Here’s the catch if you are a surviving spouse looking to claim an elective share: (1) you must be living together as spouses at the time your spouse passes away; (2) you must actually file a complaint in court within six months of the appointment of the decedent spouse’s executor; and (3) the law is needs-based, which means that if you have your own property, either acquired independently or inherited from your spouse, that is equal to or in excess of the elective share amount, the elective share is deemed satisfied and you are entitled to nothing beyond what is provided under the Will.
For example, assume George has $1,000,000 in assets that pass under his Will. The beneficiaries under the Will are his children. Martha’s elective share amount is one-third of that amount, $333,333. However, Martha accumulated $500,000 of her own assets so the elective share would be deemed satisfied and Martha would not be entitled to anything under the Will. Similarly, if George designated Martha as the beneficiary of a $500,000 life insurance policy, the elective share would be deemed satisfied since the value of what Martha received outside of the Will exceeded her elective share amount.
The lesser known cousin of the elective share is the “omitted spouse.” If, before being married, someone executes a Will that makes no provision for a future spouse, and that person then dies, the surviving spouse is, with some exceptions, entitled to an “intestate share” of the deceased spouse’s estate. When someone dies without a Will they are said to have died “intestate,” and New Jersey law dictates the manner in which that person’s estate is distributed.
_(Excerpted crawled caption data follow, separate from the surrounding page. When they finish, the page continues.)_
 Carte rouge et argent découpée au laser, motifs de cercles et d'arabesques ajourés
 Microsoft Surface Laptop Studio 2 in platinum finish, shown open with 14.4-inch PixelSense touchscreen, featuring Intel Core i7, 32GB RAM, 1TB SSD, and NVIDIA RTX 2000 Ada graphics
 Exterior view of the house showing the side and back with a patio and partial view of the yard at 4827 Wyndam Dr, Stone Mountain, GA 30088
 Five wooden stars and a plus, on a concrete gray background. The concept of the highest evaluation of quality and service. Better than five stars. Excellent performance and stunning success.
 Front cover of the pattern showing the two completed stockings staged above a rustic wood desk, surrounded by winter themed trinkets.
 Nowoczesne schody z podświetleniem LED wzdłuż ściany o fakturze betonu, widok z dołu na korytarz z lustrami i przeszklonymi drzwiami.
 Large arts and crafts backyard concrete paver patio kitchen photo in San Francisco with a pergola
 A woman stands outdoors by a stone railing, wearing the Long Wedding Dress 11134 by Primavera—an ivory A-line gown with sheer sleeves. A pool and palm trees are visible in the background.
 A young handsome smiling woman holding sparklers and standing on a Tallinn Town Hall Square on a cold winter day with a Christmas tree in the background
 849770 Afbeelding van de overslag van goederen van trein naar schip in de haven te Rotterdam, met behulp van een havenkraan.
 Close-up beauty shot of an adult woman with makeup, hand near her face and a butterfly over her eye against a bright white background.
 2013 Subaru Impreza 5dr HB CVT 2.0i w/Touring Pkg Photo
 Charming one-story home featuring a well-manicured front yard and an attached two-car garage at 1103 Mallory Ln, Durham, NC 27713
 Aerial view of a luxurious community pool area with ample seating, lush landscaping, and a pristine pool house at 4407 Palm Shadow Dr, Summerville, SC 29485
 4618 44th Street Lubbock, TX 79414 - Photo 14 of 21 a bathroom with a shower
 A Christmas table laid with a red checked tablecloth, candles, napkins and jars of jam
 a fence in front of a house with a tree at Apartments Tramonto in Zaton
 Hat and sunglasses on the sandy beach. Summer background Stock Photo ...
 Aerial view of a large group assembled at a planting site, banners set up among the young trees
The amount received by a spouse under intestacy laws varies depending upon whether the decedent had children and whether his or her parents are surviving, but it can include the entire estate.
For example, assume George and Martha get married but never get around to updating their Wills. They have no children, and George’s parents are deceased. George passes away and his Will designates his siblings as beneficiaries. Martha is an omitted spouse, and as such, is entitled to the entire estate notwithstanding the provisions of the Will.
If George’s parents are surviving, Martha will receive the first 25% of the estate, but not less than $50,000 nor more than $200,000, plus 75% of the balance (the parents receive the remaining 25%).
If George designates his daughter from a prior marriage as the beneficiary under his Will rather than his siblings, Martha will be entitled to the first 25% of the estate but not less than $50,000 nor more than $200,000, plus one-half of the balance (George’s daughter will receive the rest).
Note that it is common in premarital agreements for spouses to waive elective share and omitted spouse rights, in which case neither right applies.